(Data extracted from a collection)
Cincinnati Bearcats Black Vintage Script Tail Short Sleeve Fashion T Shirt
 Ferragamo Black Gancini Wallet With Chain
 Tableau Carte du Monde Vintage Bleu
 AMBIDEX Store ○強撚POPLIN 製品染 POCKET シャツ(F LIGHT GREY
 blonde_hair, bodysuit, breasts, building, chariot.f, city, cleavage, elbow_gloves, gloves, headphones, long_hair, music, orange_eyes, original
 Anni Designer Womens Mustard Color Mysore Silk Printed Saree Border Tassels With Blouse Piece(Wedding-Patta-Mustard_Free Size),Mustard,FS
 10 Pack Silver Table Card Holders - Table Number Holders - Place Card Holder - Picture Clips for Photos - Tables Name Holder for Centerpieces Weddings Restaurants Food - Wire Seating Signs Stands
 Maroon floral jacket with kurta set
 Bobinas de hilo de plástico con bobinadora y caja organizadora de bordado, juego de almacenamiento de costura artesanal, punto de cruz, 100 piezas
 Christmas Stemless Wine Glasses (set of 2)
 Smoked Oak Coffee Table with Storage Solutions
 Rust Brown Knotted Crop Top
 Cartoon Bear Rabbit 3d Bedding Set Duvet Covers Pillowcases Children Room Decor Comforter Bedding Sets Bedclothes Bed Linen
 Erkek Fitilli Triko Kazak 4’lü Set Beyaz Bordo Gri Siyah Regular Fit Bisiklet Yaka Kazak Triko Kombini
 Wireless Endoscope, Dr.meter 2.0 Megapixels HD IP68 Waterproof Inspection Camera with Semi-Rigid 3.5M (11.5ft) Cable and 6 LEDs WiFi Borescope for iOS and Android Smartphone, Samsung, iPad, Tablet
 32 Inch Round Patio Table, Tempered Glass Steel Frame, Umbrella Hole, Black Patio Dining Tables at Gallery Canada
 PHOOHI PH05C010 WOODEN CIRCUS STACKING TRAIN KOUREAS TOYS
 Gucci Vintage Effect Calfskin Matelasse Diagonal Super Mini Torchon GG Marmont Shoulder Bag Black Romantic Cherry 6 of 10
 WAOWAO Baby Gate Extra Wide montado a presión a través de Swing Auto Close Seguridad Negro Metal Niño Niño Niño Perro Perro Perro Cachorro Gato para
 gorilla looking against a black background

§ THE TASK:
The required result is an exact repeat of the records above from the line containing "PHOOHI PH05C010 WOODEN" to their final line.

§ SOLUTION:
 PHOOHI PH05C010 WOODEN CIRCUS STACKING TRAIN KOUREAS TOYS
 Gucci Vintage Effect Calfskin Matelasse Diagonal Super Mini Torchon GG Marmont Shoulder Bag Black Romantic Cherry 6 of 10
 WAOWAO Baby Gate Extra Wide montado a presión a través de Swing Auto Close Seguridad Negro Metal Niño Niño Niño Perro Perro Perro Cachorro Gato para
 gorilla looking against a black background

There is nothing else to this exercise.